Scraped caption text data
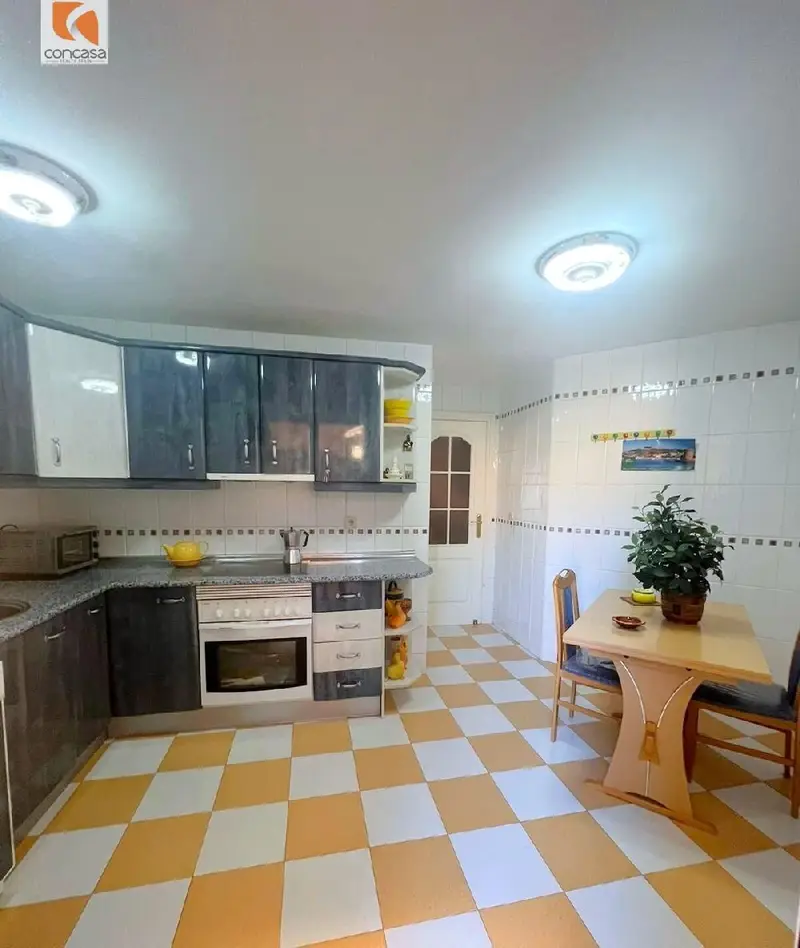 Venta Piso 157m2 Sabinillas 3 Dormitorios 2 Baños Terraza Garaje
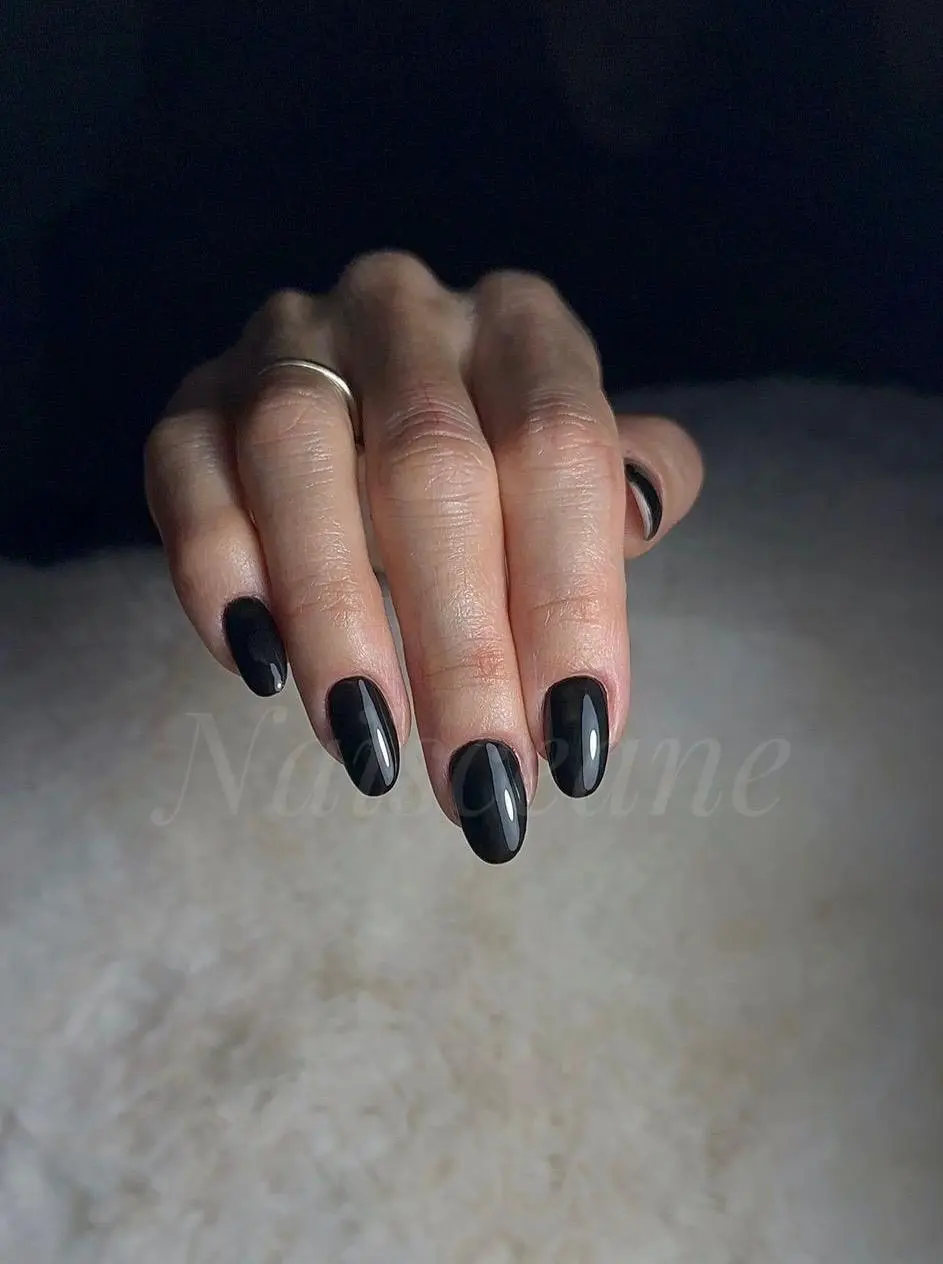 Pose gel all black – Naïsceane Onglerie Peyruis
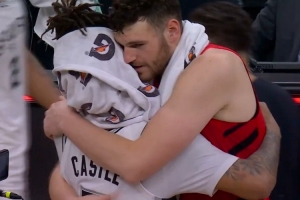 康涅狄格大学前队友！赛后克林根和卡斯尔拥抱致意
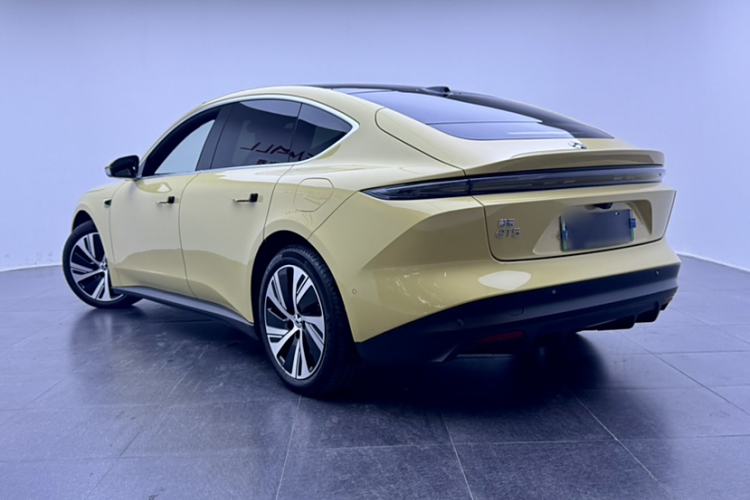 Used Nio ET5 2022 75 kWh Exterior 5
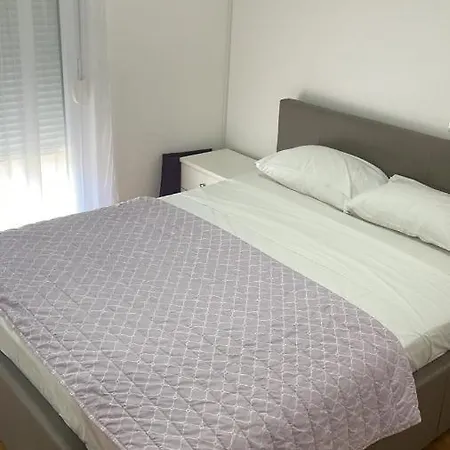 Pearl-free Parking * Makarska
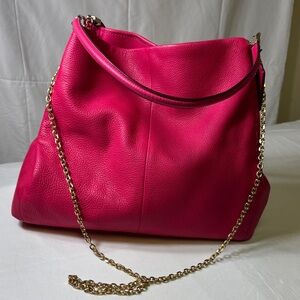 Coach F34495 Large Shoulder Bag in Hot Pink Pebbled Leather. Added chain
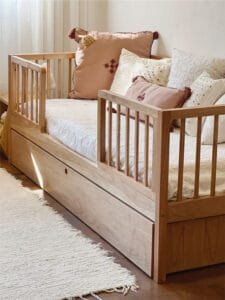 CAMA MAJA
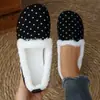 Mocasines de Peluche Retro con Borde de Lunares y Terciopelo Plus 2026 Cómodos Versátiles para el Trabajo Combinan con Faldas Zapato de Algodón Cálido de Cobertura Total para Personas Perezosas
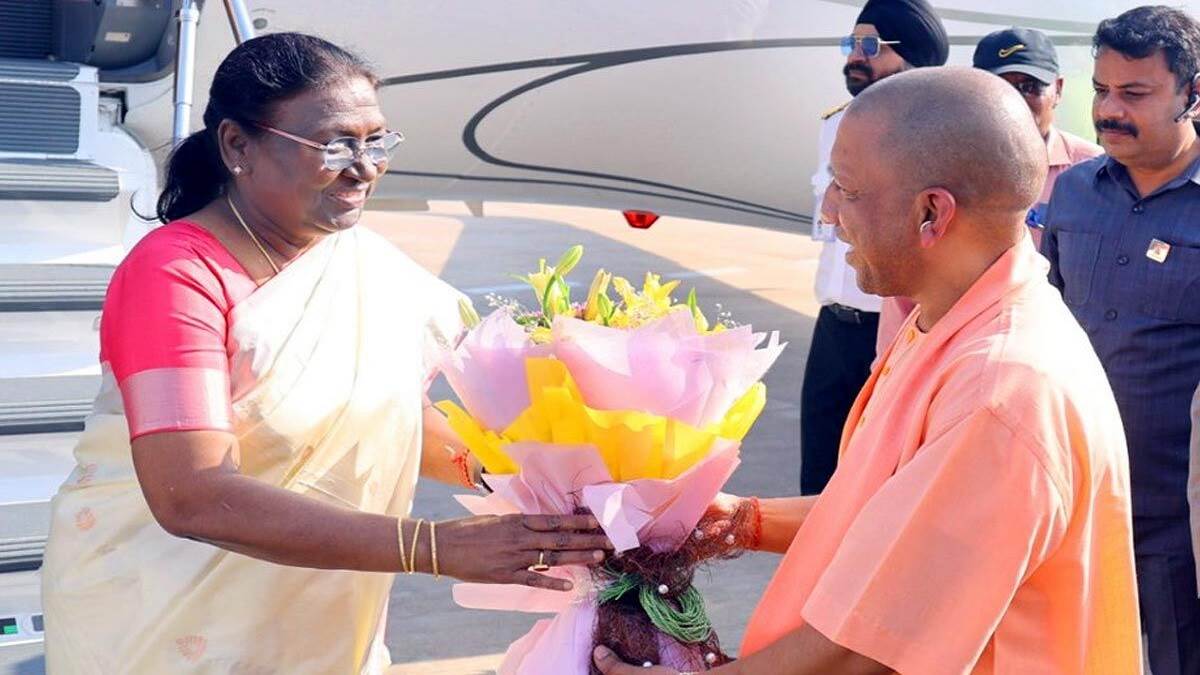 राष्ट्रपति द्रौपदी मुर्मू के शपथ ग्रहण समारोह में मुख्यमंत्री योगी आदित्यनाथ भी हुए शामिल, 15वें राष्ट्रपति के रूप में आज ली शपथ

How to complete this task
Each line from the one that holds "Pearl-free Parking * Makarska" through the final line of the data must be retyped exactly; the pictures must not appear.

Completed exercise
 Pearl-free Parking * Makarska
 Coach F34495 Large Shoulder Bag in Hot Pink Pebbled Leather. Added chain
 CAMA MAJA
 Mocasines de Peluche Retro con Borde de Lunares y Terciopelo Plus 2026 Cómodos Versátiles para el Trabajo Combinan con Faldas Zapato de Algodón Cálido de Cobertura Total para Personas Perezosas
 राष्ट्रपति द्रौपदी मुर्मू के शपथ ग्रहण समारोह में मुख्यमंत्री योगी आदित्यनाथ भी हुए शामिल, 15वें राष्ट्रपति के रूप में आज ली शपथ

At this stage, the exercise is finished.